A farmer has 100 yards of fencing to form two identical rectangular pens
and a third pen that is twice as long at the other two pens, as shown in the
diagram at right. All three pens have the same width, x. What value of y produces a maximum total fenced area?
Oobleck's solution is wrong. The amount of fencing needed would actually be 5x + 6y = 100. His method to solve is still correct, though.
5x + 6y = 100
x = -(6/5)y+20
A = 2xy
A = 2y[-(6/5)y+20] = -12y^2/5 + 40y
A' = -24y/5 +40
24y = 200
y = 25/3
To solve this problem, we need to find the value of y that will maximize the total fenced area.
Let's denote the length of the two identical rectangular pens as L1 and the length of the third pen as L2. We also know that L2 is twice as long as L1. Therefore, we can say that L2 = 2L1.
Based on the information given, we know that the perimeter of each rectangular pen is equal to 100 yards.
The formula for calculating the perimeter of a rectangle is: 2*(length + width).
For the two identical rectangular pens:
Perimeter = 2(L1 + x) = 100
For the third pen:
Perimeter = 2(L2 + x) = 100
Substituting L2 = 2L1:
2(2L1 + x) = 100
Simplifying the equation, we get:
4L1 + 2x = 100
Now, let's express L1 in terms of x:
L1 = (100 - 2x)/4
L1 = (50 - x)/2
The area of each rectangular pen is equal to its length multiplied by its width.
For the two identical rectangular pens:
Area1 = L1 * x = ((50 - x)/2) * x
For the third pen:
Area2 = L2 * x = (2L1) * x = (50 - x) * x
To find the maximum total fenced area, we need to combine the areas of the two identical rectangular pens and the third pen.
Total Area = 2 * Area1 + Area2
Total Area = 2 * ((50 - x)/2) * x + (50 - x) * x
Total Area = (50 - x) * x + (50 - x) * x
Total Area = 2(50 - x) * x
To find the maximum total area, we need to take the derivative of the Total Area equation with respect to x and set it equal to 0.
d(Total Area)/dx = 2(50 - x) - 2x
0 = 2(50 - x) - 2x
0 = 100 - 4x
4x = 100
x = 25
Therefore, the value of x that produces a maximum total fenced area is 25.
Now, substituting this value of x back into the equation for L1:
L1 = (50 - x)/2
L1 = (50 - 25)/2
L1 = 25/2
L1 = 12.5
Since L2 is twice as long as L1, we can calculate L2:
L2 = 2 * L1
L2 = 2 * 12.5
L2 = 25
So, the value of y that produces a maximum total fenced area is 25, and the lengths of the two identical rectangular pens are 12.5 yards, while the length of the third pen is 25 yards.

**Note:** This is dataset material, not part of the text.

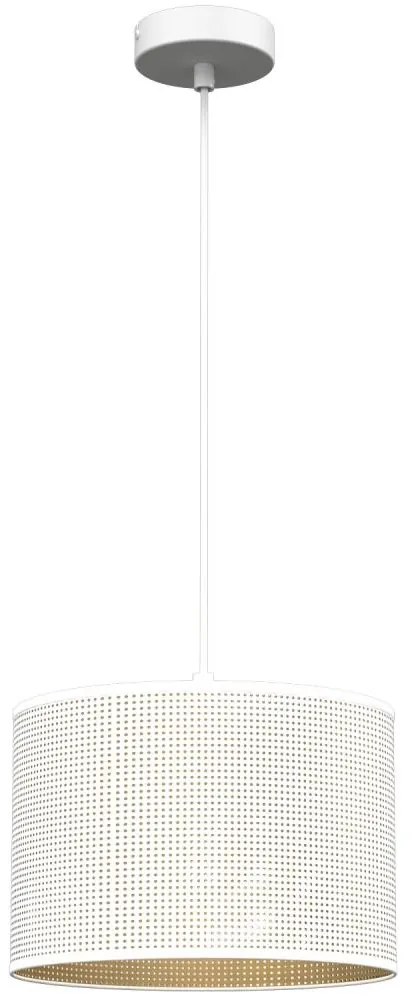 Csillár zsinóron LOFT SHADE 1xE27/60W/230V á. 25 cm fehér/arany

You don't say how the pens are configured. I will assume that the long pen is adjacent to the other two, and they share a long side. So, if the pens have dimensions x*y, x*y and x*2y then the fencing needed is
5x+4y = 100
the area is
A = 2xy + x*2y = 4xy = 4x(100-5x)/4 = x(100-5x)
dA/dx = 100-10x
max area when x=10, so y = 50/4
As with all these problems, maximum area is achieved when the fencing is divided equally among lengths and widths.